Input data
....

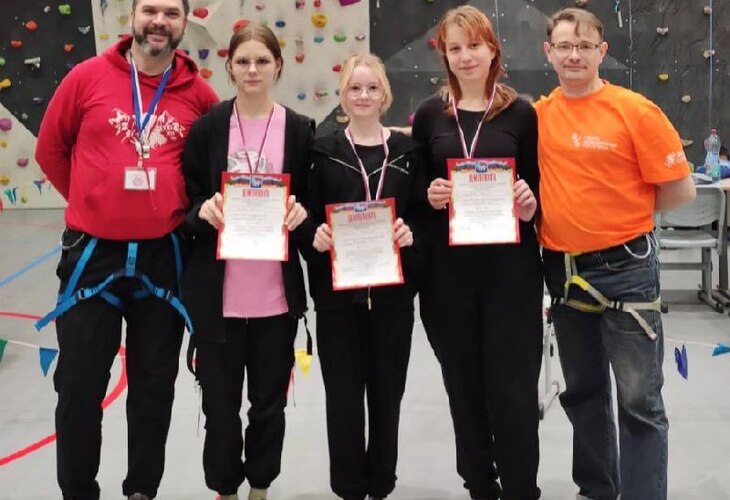 Юные туристы осваивают новый скалодром! - Дом детского творчества | Кружки и секции для детей в Екатеринбурге | Куйбышева 111 | Большакова 15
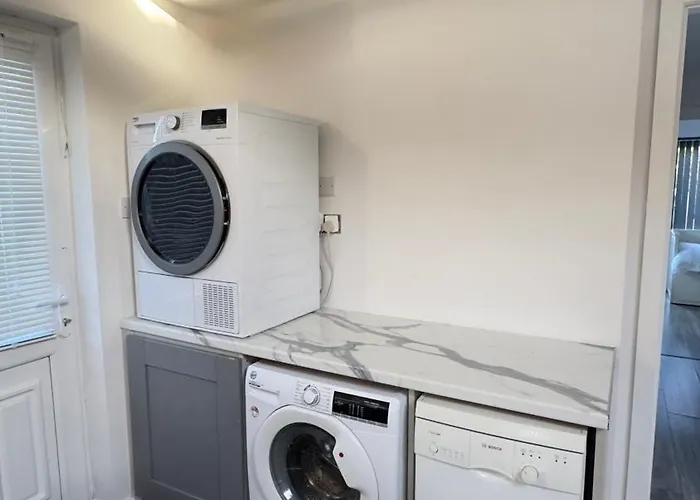 Cozy 2-bedroom Cottage-style * Dublin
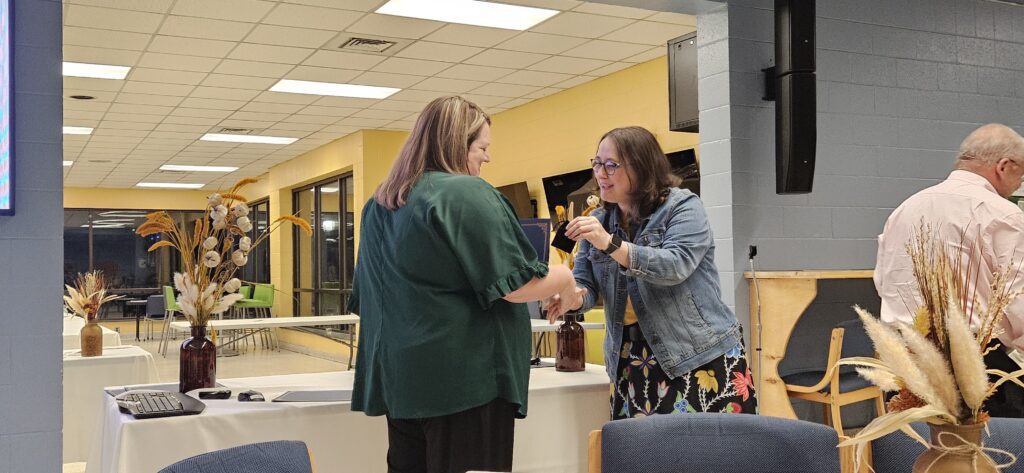 RCC pins 47 faculty members during ACUE ceremony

....

Work order
Omit every picture, then repeat the remaining data exactly as it appears above.

Your solution
 Юные туристы осваивают новый скалодром! - Дом детского творчества | Кружки и секции для детей в Екатеринбурге | Куйбышева 111 | Большакова 15
 Cozy 2-bedroom Cottage-style * Dublin
 RCC pins 47 faculty members during ACUE ceremony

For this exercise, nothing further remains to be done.